So… the concept of ‘cloud gaming’ has been around for a while now. Years, actually, several – including Vortex, LiquidSky and Snoost – readily available for playing video games from the comfort of your browser, freeing users from lengthy installations/downloads and overpriced AAA titles. But what about something more indie-centric? This is where recently launched Jump comes into play (get it?), focusing entirely on indie games – which already makes it better than the competition, in my books. Oh, and it already features some genuinely groovy titles!
Seeing how the platform comes with a lovely 14-day free trial for new members (as has fortunately become the norm for all things streaming/cloud gaming), I jumped right in and played some Conga Master. Didn’t know much about the game and next-to-nothing about Jump itself, which is probably the best way to sample something like this. Or is it?
Jump delivers the best possible gaming experience via its HyperJump technology that delivers games without video streaming, which is typically plagued by lag and other issues. Jump was built using an innovative technique that provides quick loading with minimal download space required.
Well, either way, after about thirty seconds I was roaming the dance floor, getting my groove on, very slowly attracting the attention of nearby party-goers. With a bit of patience, this particular tactic did eventually result in me leading a rather lengthy conga line around, doing my best to avoid bumping into anyone (as that’d be rude, ya know?). Zero issues running – or playing – the game, at all, in spite of being on slightly spotty wi-fi. Color me impressed.

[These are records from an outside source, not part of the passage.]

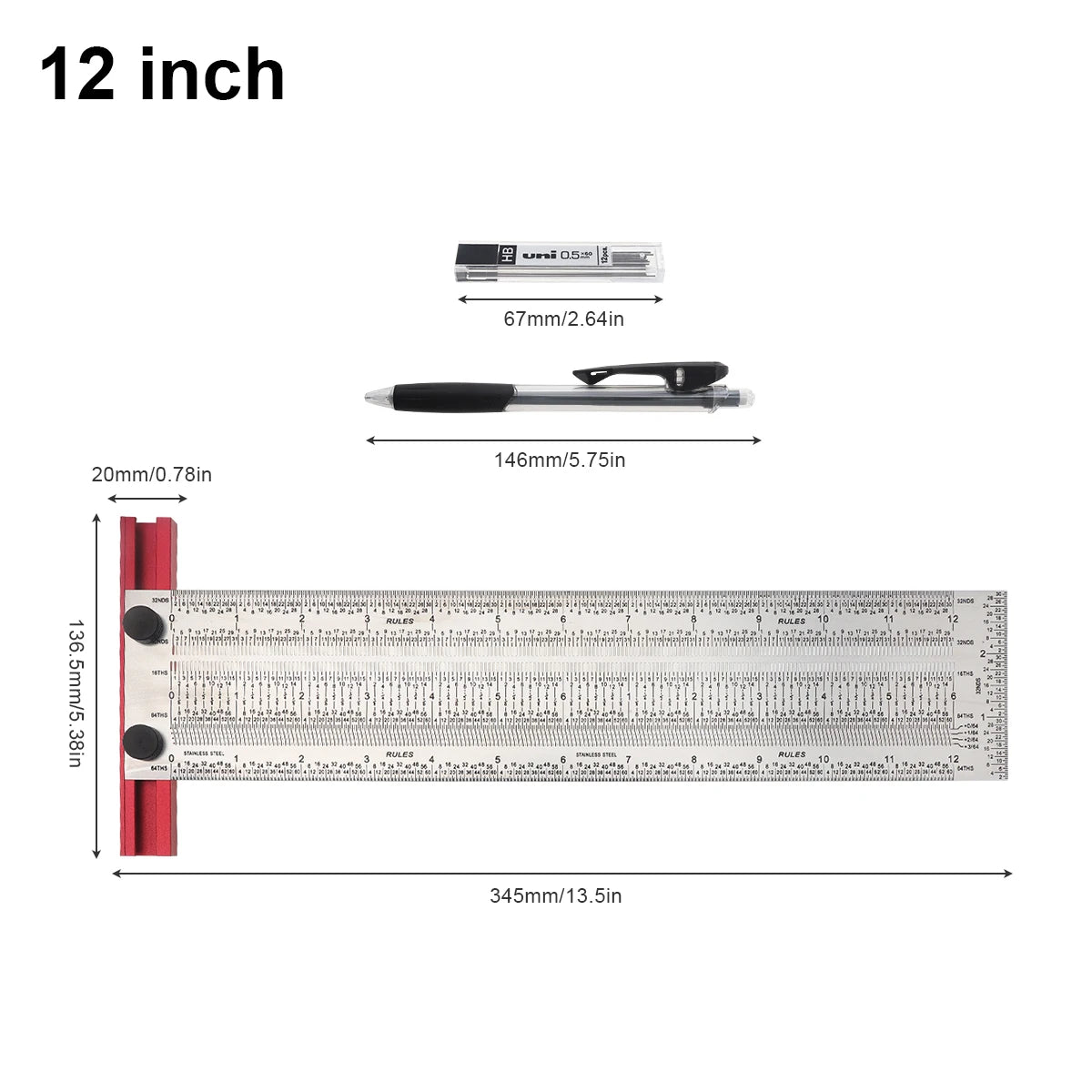 6/12 Inch Line Ruler Precision Marking 1/ 64" T Rule Woodworking Tools Stainless Steel Positioning Scribe Gauge with Marking Pen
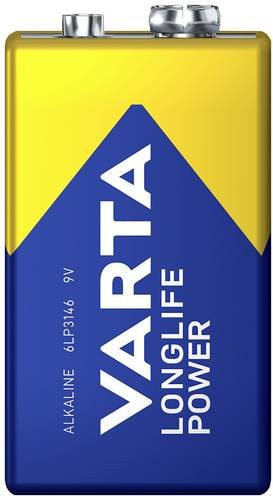 Varta Longlife Power 9V Block-Batterie Alkali-Mangan 580 mAh 2er-Pack - Bild 1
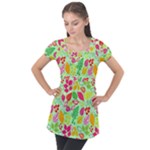 Flower Flora Floral Nature Pattern Seamless Puff Sleeve Tunic Top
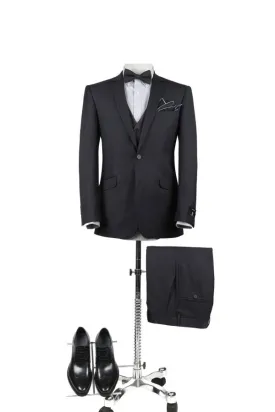 BUILD YOUR PACKAGE: Charcoal Slim Fit Suit (Package Includes 2 Pc Suit, Shirt, Necktie or Bow Tie, Matching Pocket Square, & Shoes)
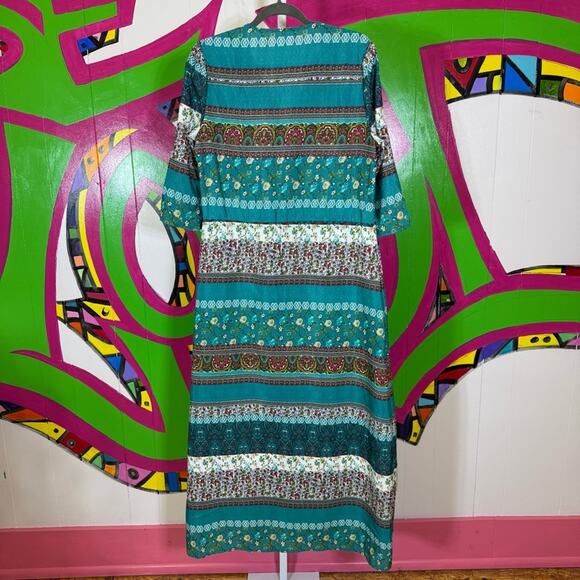 Teal Patterned Women's Dress Silky Dress. Size Medium. Excellent condition! - Picture 7 of 7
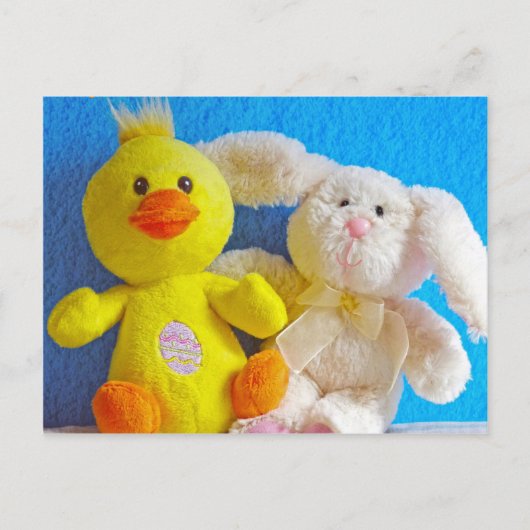 Cartes Pour Fêtes Annuelles Joyeux poussin de Pâques + lapin (Devant)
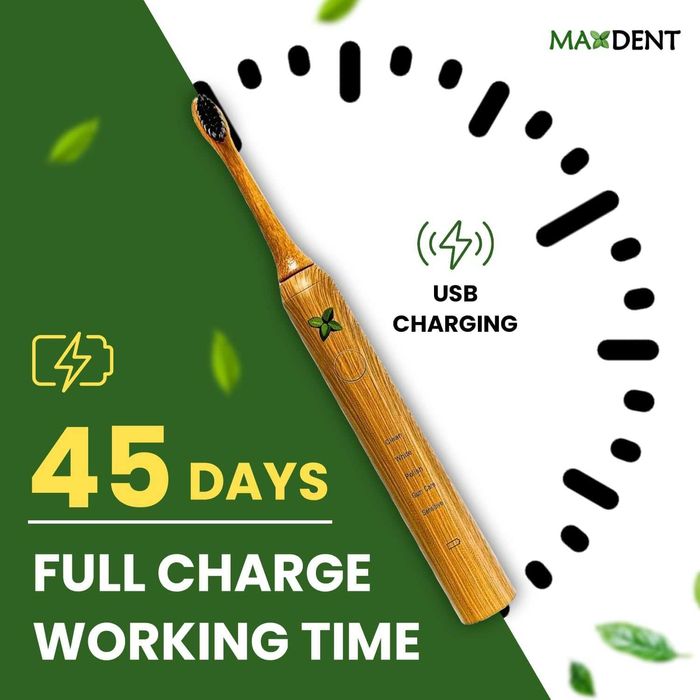Акумулаторна електрическа четка за зъби Maxdent от бамбук, 3 глави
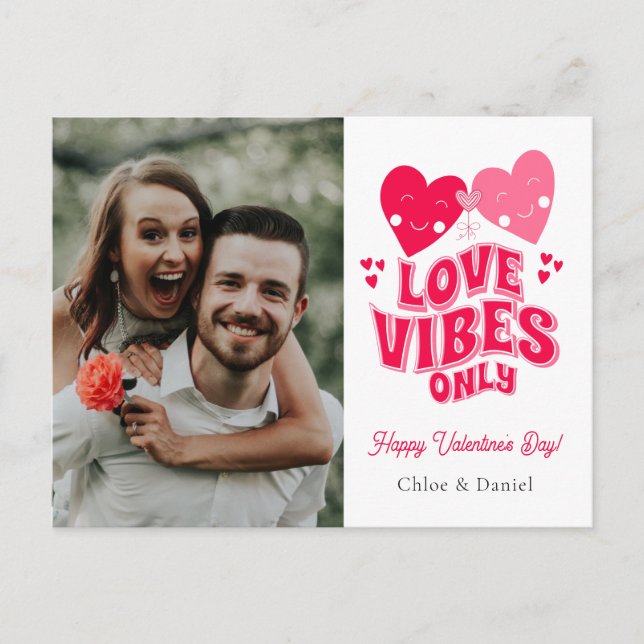 Carte Postale Saint Valentin Vibe d'amour rétro seulement (Devant)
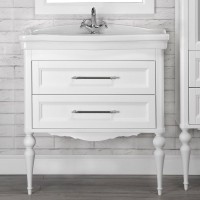 Тумба с раковиной ValenHouse Эстетика 80, белая, подвесная, ручки хром, раковина Модерн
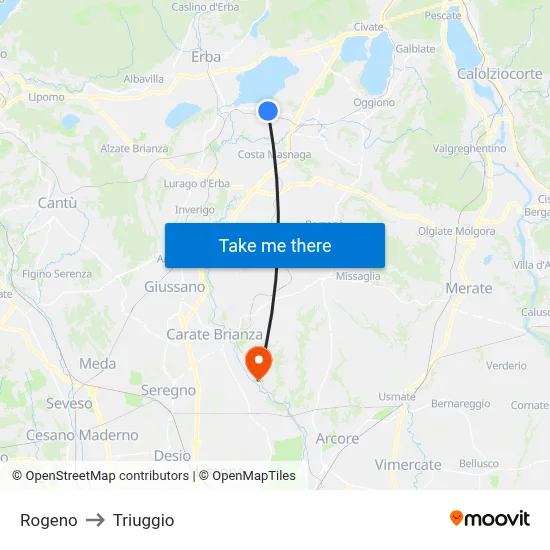 Rogeno to Triuggio map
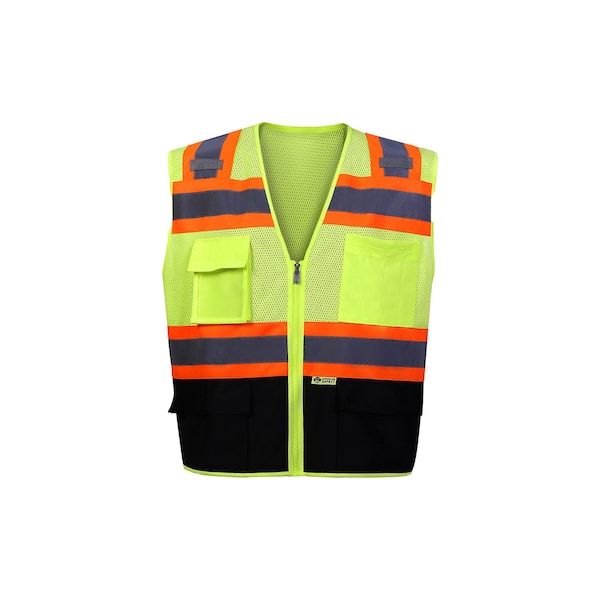 2W International Contrast Two Tone Vest with Trim, Black, 5X-large, Class 2 - 570BKC-2 5XL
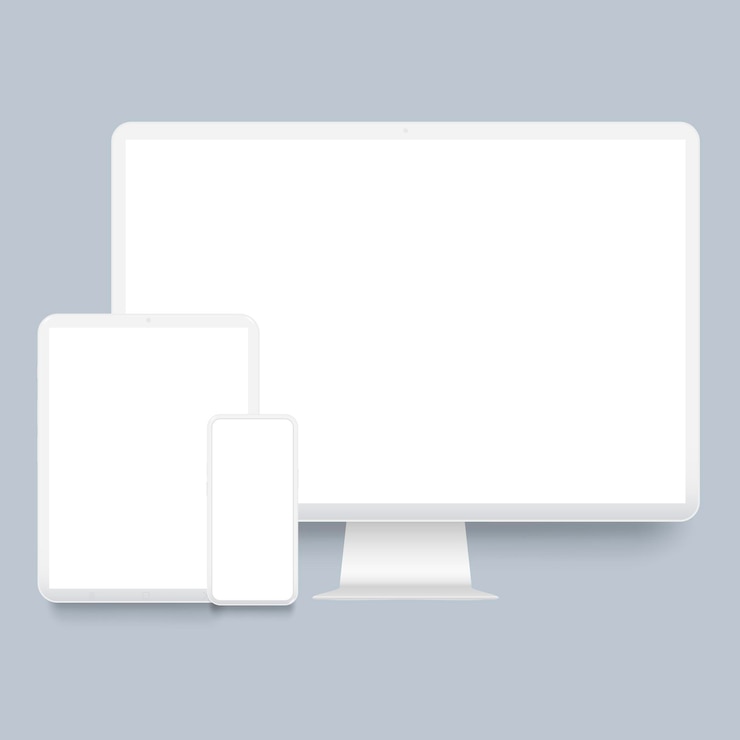Vetor modelagem de argila de computador de mesa branco, portátil, smartphone e tablet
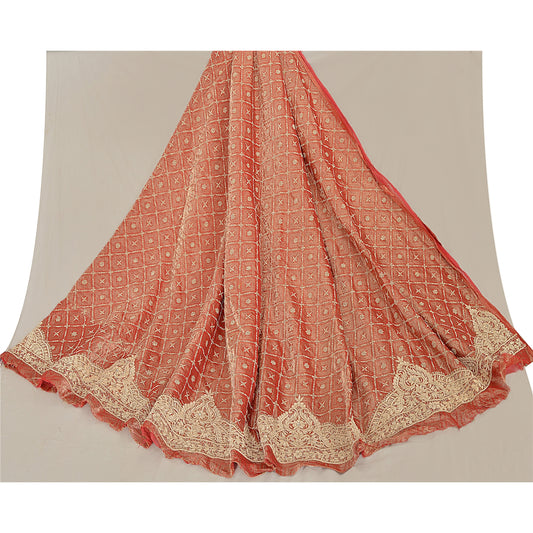 Sanskriti Vintage Unstitched Long Skirt Lehenga Heavy Wedding Tissue Woven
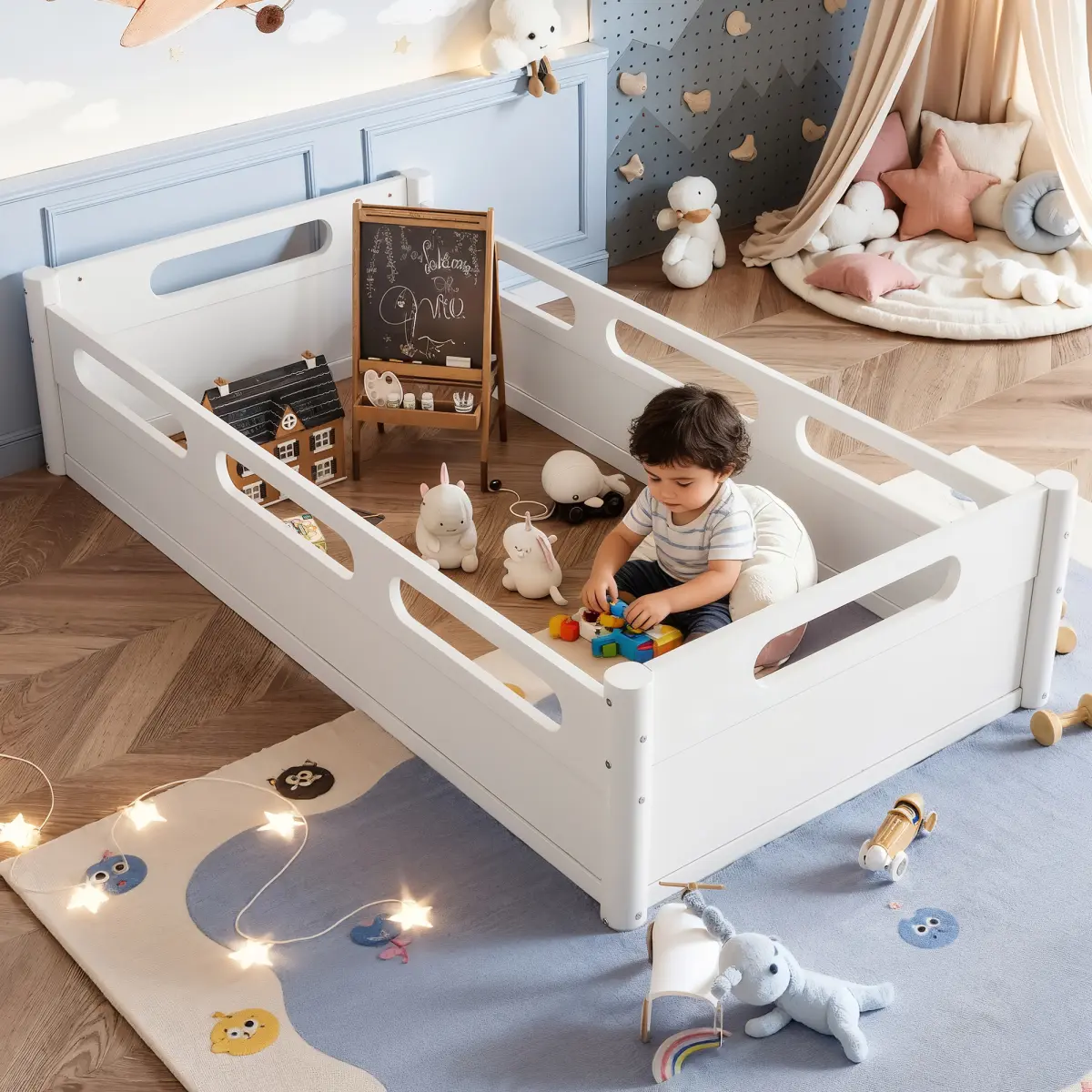 Modern White Pine Wood Twin Floor Bed - 78.27"L×41.18"W×16.53"H, 31.96 lbs, Short Built-in Guardrail Low Profile Platform Bed Frame for Kids Bedroom, Fits 6 In Mattress, Easy Full Assembly Required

Following that, I ‘installed’ Teslagrad (review) to test something a bit more taxing; both on my hardware and on how long it’d take to actually install the Steam version, compared to a low-fi title like Conga Master. Same deal: less than a minute and I was ready to run and leap across rooftops, well on my way to manipulating magnetism. Except I didn’t get that far because… had to get back to the article. But my point remains: prep times for games on Jump are amazingly brief, and the games themselves run great too.
Now, as far as the platform itself goes, after the 14-day trial, you’re looking at $9.99/month for access to an ever-growing library of quality indie games, new and old. And by ‘ever-growing’ I mean that we can expect “approximately 6-10 new games each month”. On the topic of money, based on info from the ‘account’ section on the website, 70% for developers, 30% for Jump. So far, so good, right? Oh you bet! In fact, the only beef I have with Jump, at the time of writing, is that the desktop client is a tad wonky. But I’m sure its issues will be fixed eventually, and browser support is a perfectly viable alternative until they are.
Update: edits to clarify exactly what Jump is.